F# is a chimera of a language. The functional parts of the language are nicely designed: no nulls, discriminated unions (ADTs), you write simple functions in simple modules and there is nothing that is too clever to understand: it's very pragmatic. Then there is a whole lot of stuff like inheritance, classes, interfaces, nulls mainly there for dotnet interoperability that gets very ugly very fast. There are way too many variants of the same thing: records, classes, struct records, tuples, struct tuples etc, which are mainly there either for compatibility with similar c# stuff or because the default language constructs often result in suboptimal code. At the end I went with Rust because it has one way of doing such stuff. And for those interested in a gc language with functional features there is now Gleam
banashark · 5m ago
Well there are the 3 you mentioned (records, classes, and tuples) which should be easy enough to differentiate from each other. The struct versions aren't necessary to use in most cases, and are an optimization.

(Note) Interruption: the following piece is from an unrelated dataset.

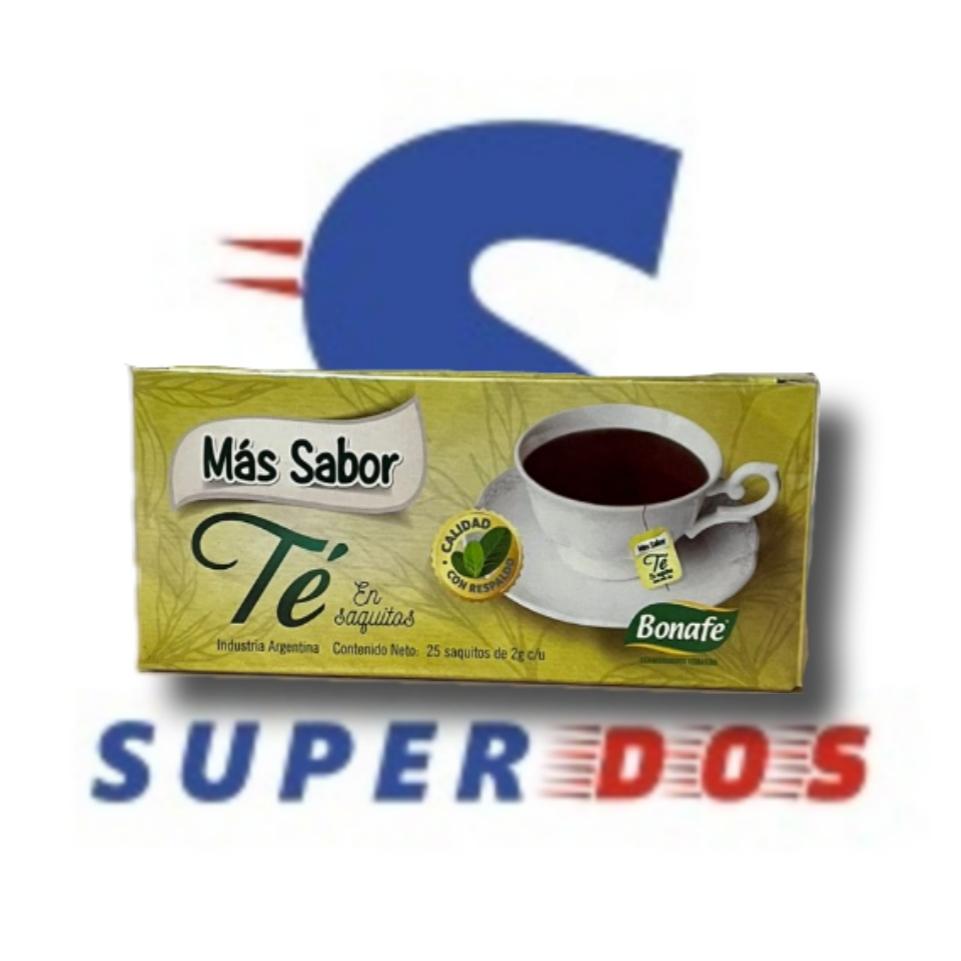 TE MAS SABOR X 25 SAQ.
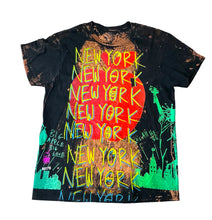 Load image into Gallery viewer, Big Apple Big Love Bleached Tee (Size Large)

The thoughtful, but not breakneck speed of changes within the language is one thing I appreciate a lot. Things do get added (there are proposals and discussions that are fairly regular in the GitHub repo for language design matters). A recent example is adding a spread operator.
mrbluecoat · 35m ago
When your top reason for a language being mainstream is "interoperability with .NET", I think the argument is a stretch.
banashark · 8m ago
I understand where you're coming from, but I'd challenge your dismissal of that note by noting how seemingly powerful a large ecosystem of available packages is when onboarding people to an ecosystem.
I don't think Scala, Kotlin, or Clojure would have had as much adoption if they hadn't had access to the JVM ecosystem of libraries available.
While it's not the only benefit, I think one could just point at the usage of OCaml as the alternative to F#. While both are in the lower percentages of language popularity/usage, I've worked with at least 50 (dozens lol) people who were paid to write production F#.
jakebasile · 29m ago
Could be! Depends if MS starts putting some more money behind it, including marketing. They're pretty deep in an AI-everything spiral right now though.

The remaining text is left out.